### GIVEN DATA
'''

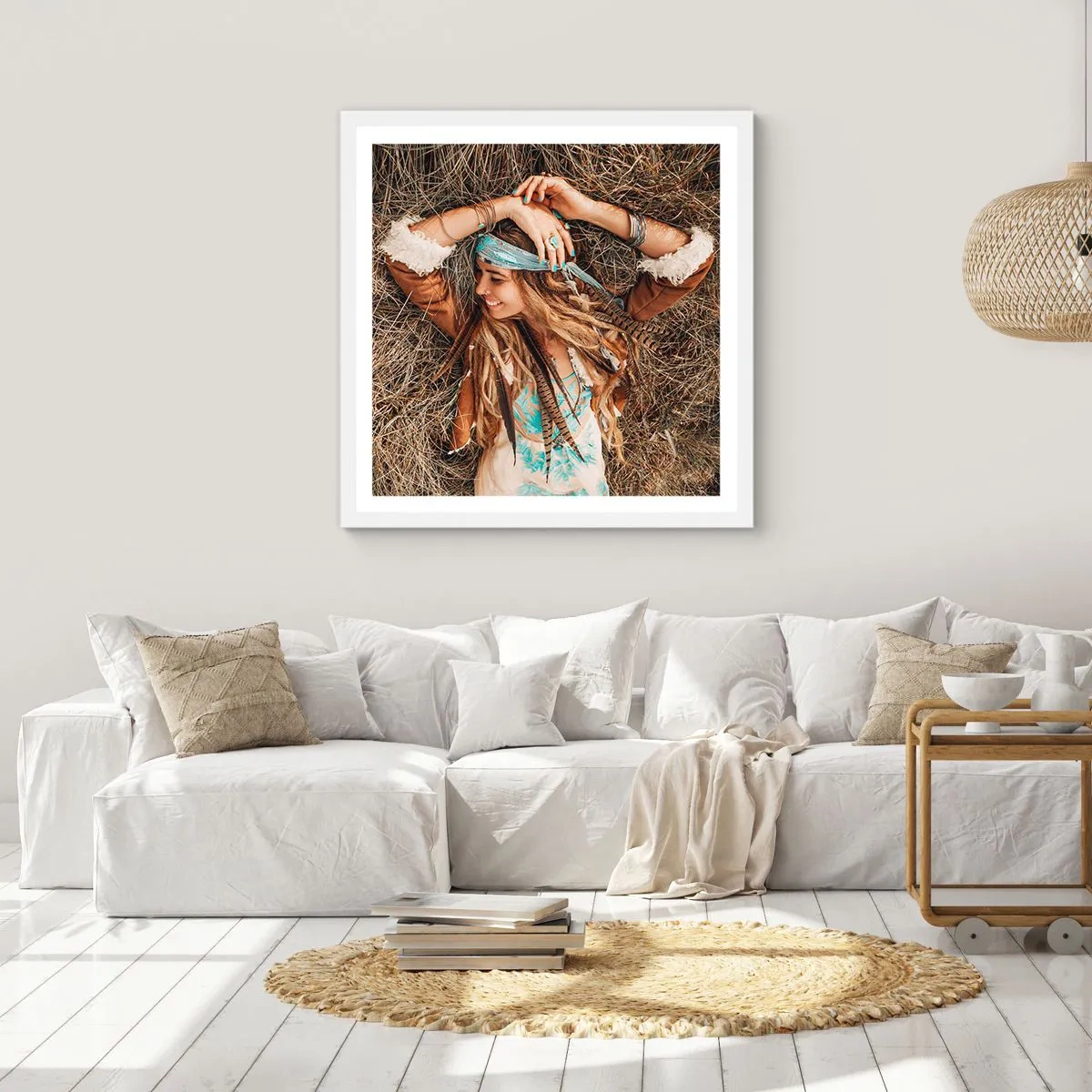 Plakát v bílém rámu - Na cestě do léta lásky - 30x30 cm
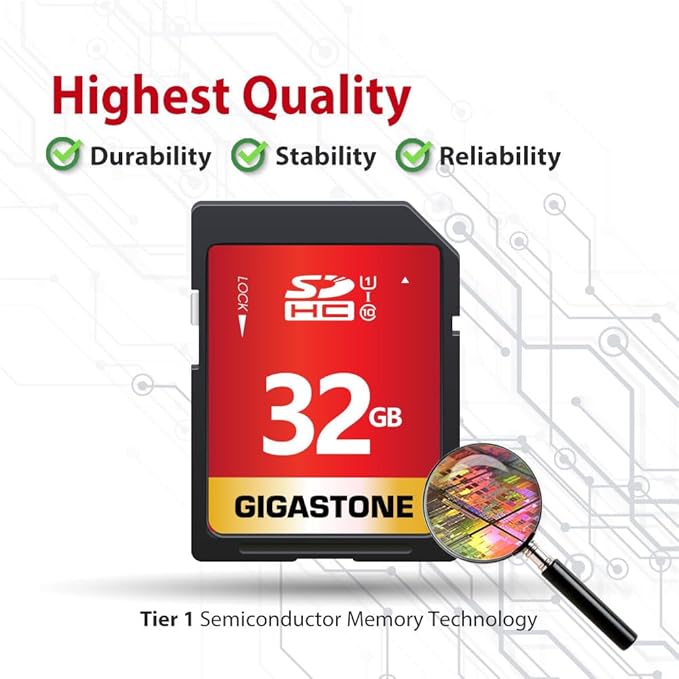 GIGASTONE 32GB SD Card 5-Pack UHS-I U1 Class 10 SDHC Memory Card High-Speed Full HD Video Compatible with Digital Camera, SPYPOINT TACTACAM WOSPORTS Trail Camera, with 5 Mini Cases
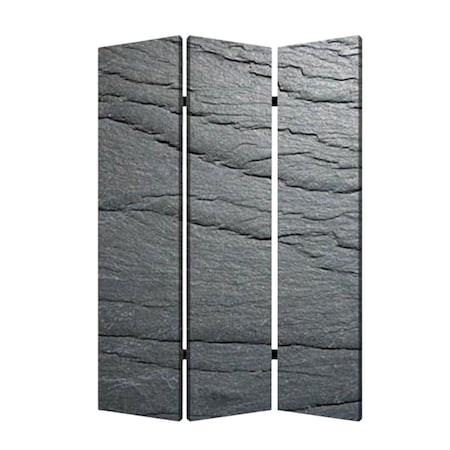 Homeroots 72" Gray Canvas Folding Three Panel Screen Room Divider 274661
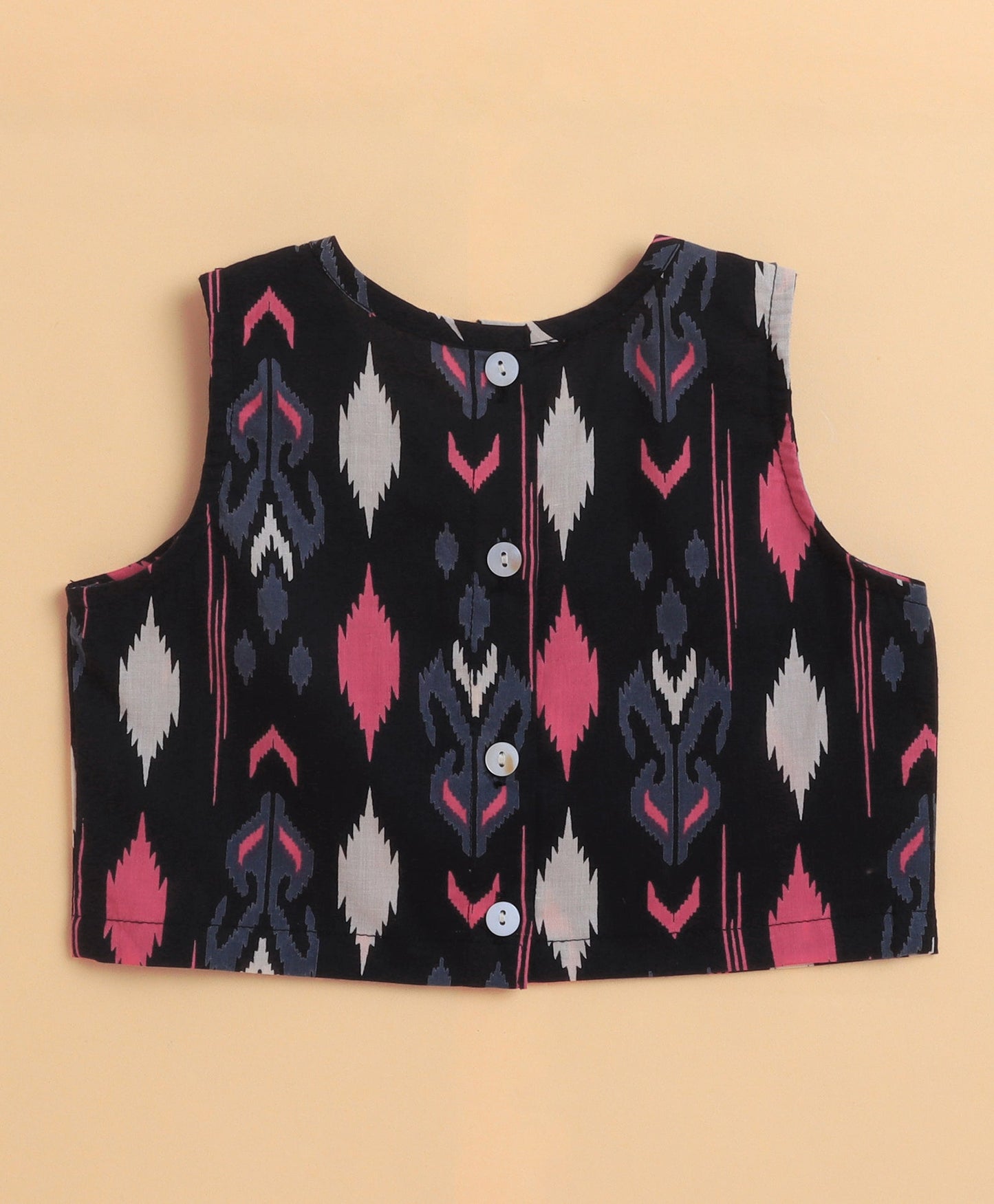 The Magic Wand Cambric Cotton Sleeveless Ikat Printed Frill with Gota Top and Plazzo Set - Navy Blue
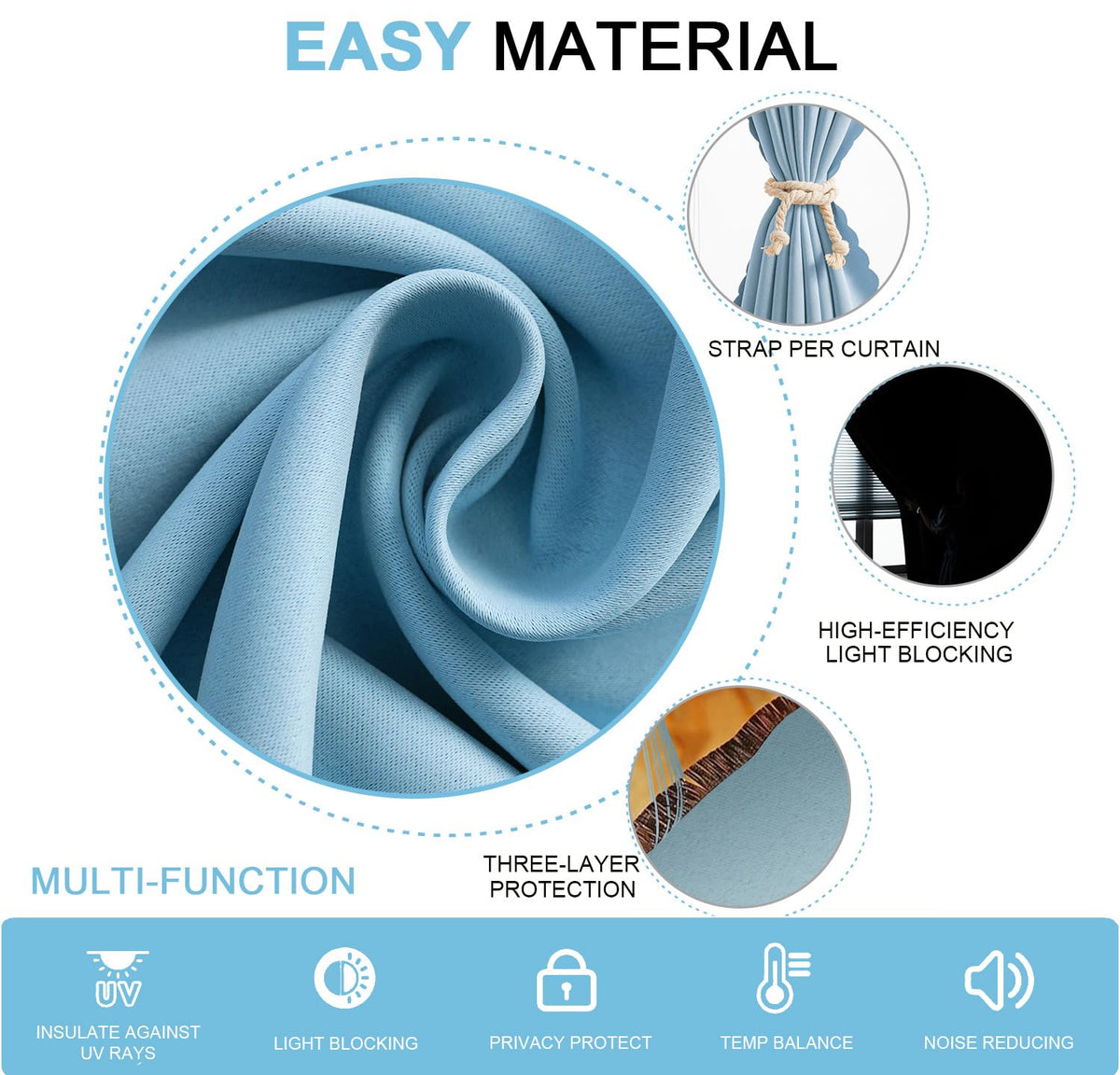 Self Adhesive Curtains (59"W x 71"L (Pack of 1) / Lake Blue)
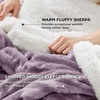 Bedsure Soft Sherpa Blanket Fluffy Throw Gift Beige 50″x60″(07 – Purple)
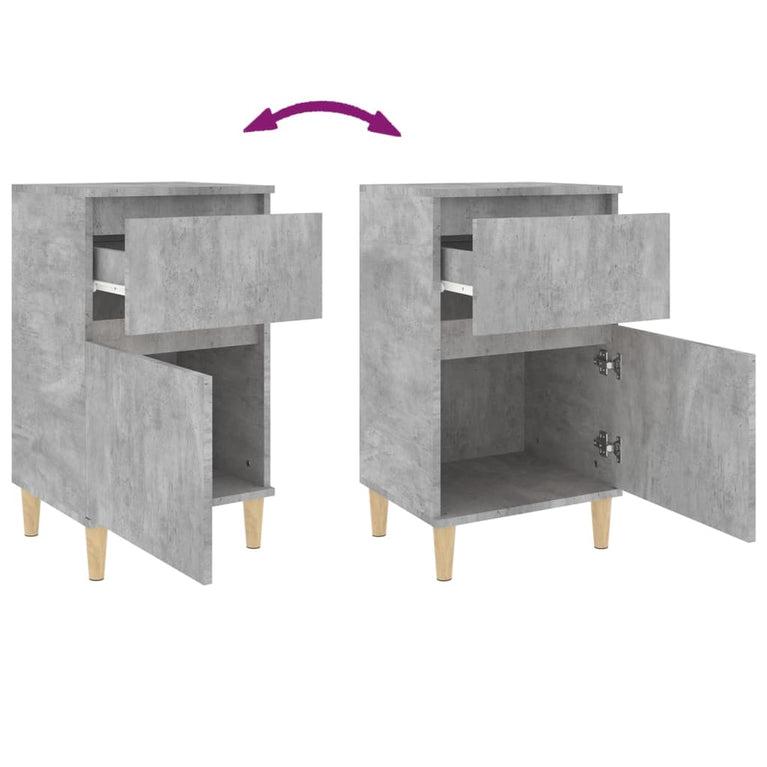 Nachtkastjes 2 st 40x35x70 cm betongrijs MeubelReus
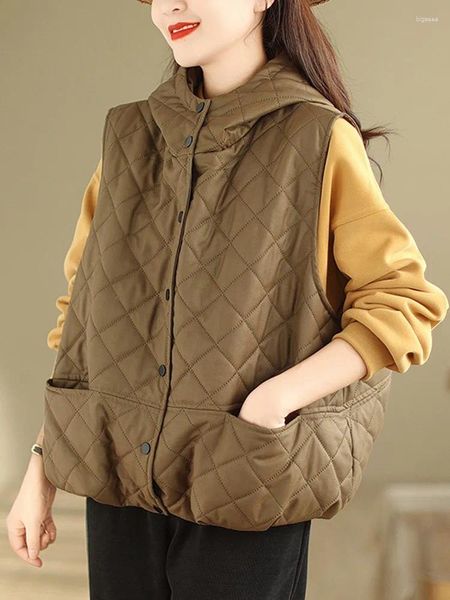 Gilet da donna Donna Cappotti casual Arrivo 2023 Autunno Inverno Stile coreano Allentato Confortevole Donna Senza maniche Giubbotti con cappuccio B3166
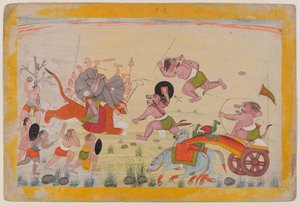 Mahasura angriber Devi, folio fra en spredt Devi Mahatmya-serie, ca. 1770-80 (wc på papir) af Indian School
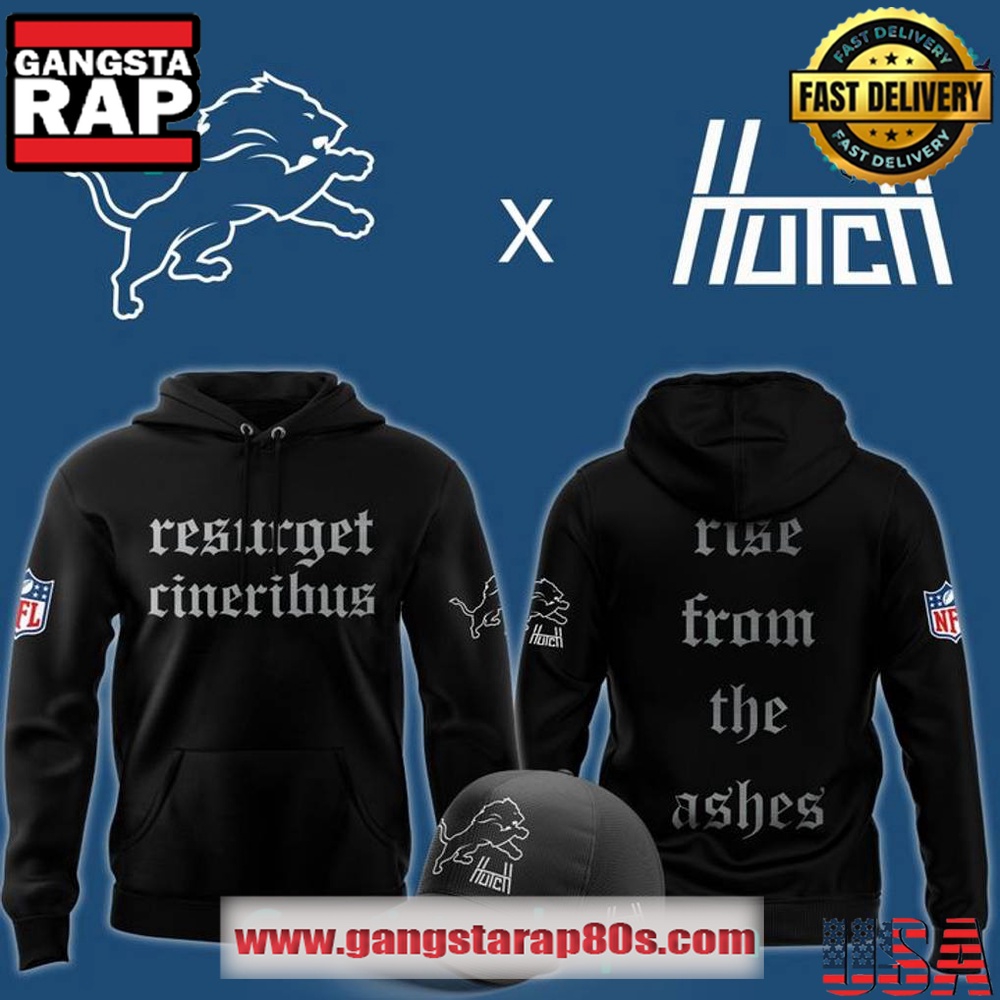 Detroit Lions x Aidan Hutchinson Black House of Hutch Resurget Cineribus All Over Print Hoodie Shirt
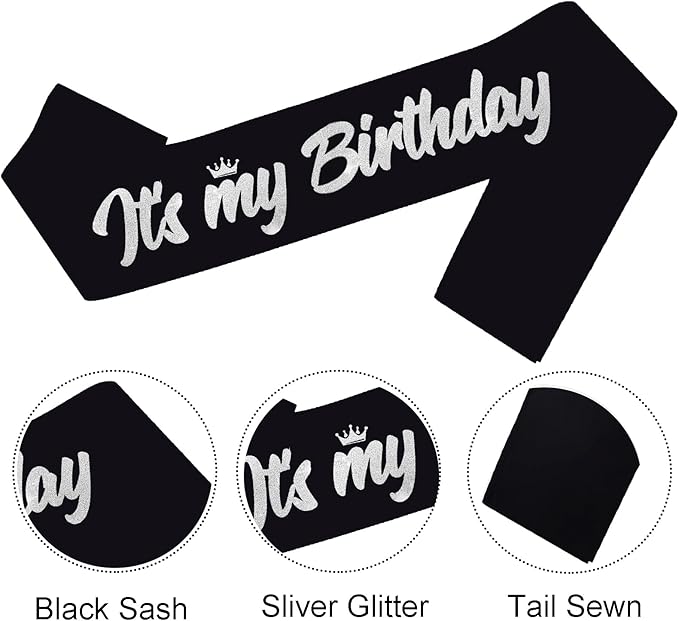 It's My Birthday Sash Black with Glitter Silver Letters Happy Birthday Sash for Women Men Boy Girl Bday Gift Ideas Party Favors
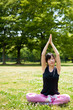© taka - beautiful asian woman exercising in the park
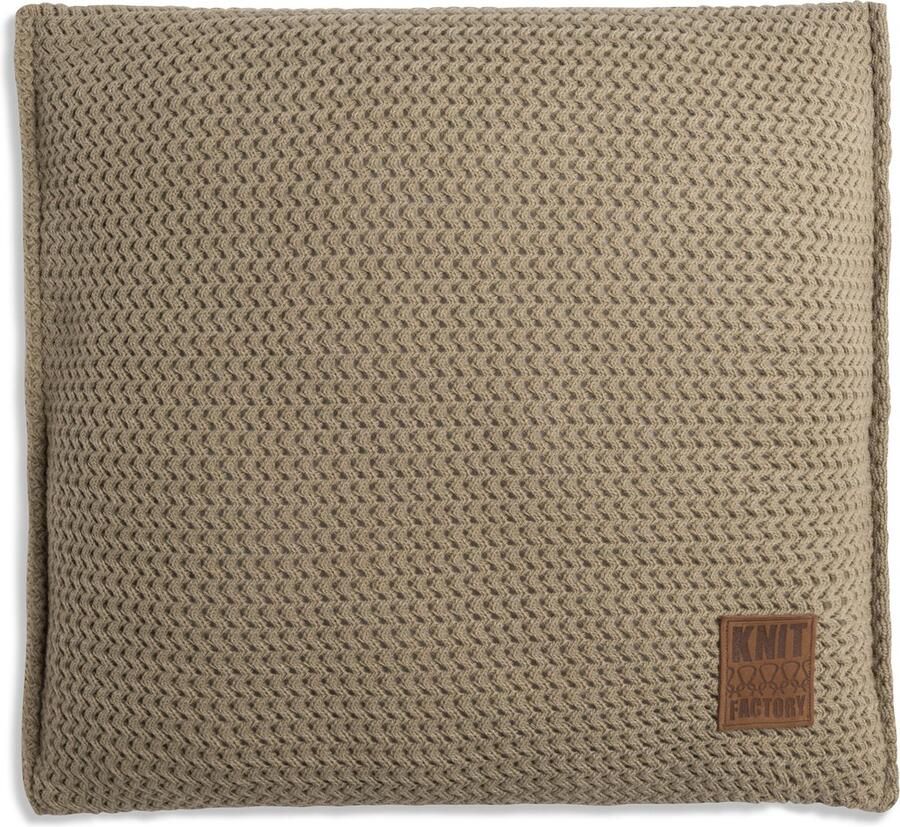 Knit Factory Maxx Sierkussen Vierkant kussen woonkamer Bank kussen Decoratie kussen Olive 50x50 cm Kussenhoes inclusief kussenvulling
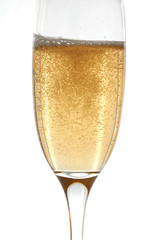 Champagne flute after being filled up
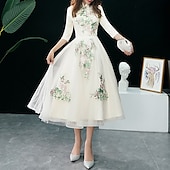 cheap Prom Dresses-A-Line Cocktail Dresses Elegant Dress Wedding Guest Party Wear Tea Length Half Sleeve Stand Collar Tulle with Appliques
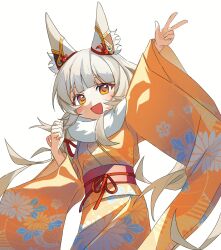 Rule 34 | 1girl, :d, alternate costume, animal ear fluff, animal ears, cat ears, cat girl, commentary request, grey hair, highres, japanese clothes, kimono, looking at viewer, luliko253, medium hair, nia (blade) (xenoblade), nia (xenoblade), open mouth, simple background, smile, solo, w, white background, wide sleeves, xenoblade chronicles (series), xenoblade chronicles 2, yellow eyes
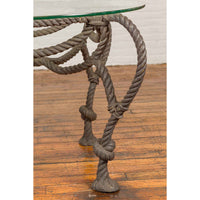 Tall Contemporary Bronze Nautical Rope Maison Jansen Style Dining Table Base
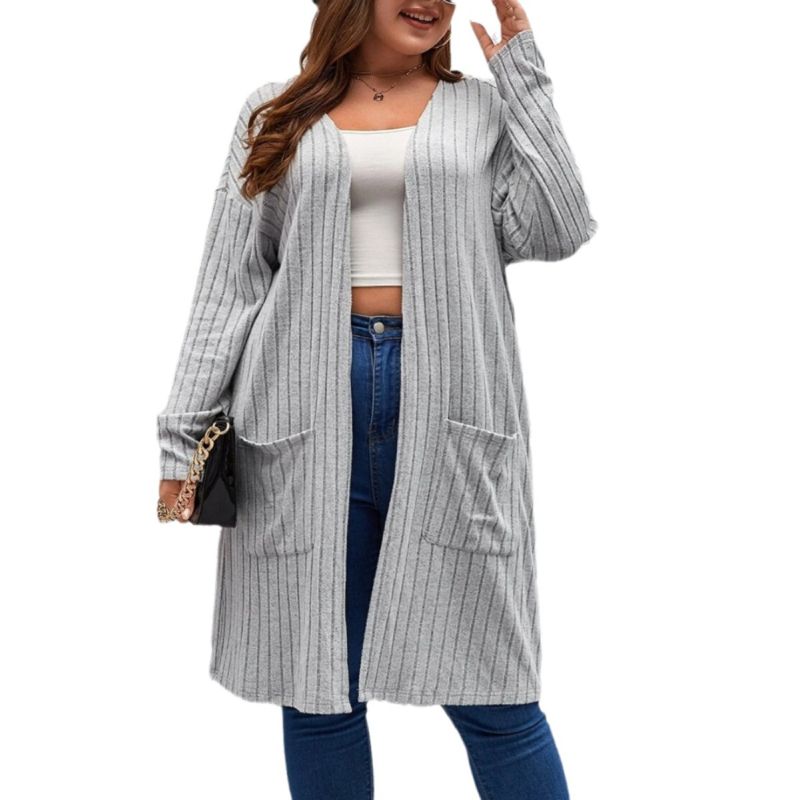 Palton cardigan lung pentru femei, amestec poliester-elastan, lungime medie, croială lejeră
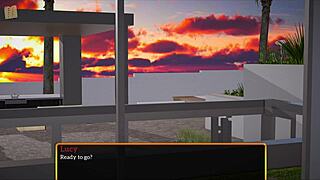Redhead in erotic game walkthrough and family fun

'''

### WHAT THE TASK REQUIRES
Transcribe, word for word, the line holding "Rule 34 | 1girl, :d, alternate" and all lines after it in the entries above, ending with the last. Only those lines; no pictures.

### ANSWER AREA
 Rule 34 | 1girl, :d, alternate costume, animal ear fluff, animal ears, cat ears, cat girl, commentary request, grey hair, highres, japanese clothes, kimono, looking at viewer, luliko253, medium hair, nia (blade) (xenoblade), nia (xenoblade), open mouth, simple background, smile, solo, w, white background, wide sleeves, xenoblade chronicles (series), xenoblade chronicles 2, yellow eyes
 Tall Contemporary Bronze Nautical Rope Maison Jansen Style Dining Table Base
 Palton cardigan lung pentru femei, amestec poliester-elastan, lungime medie, croială lejeră
Redhead in erotic game walkthrough and family fun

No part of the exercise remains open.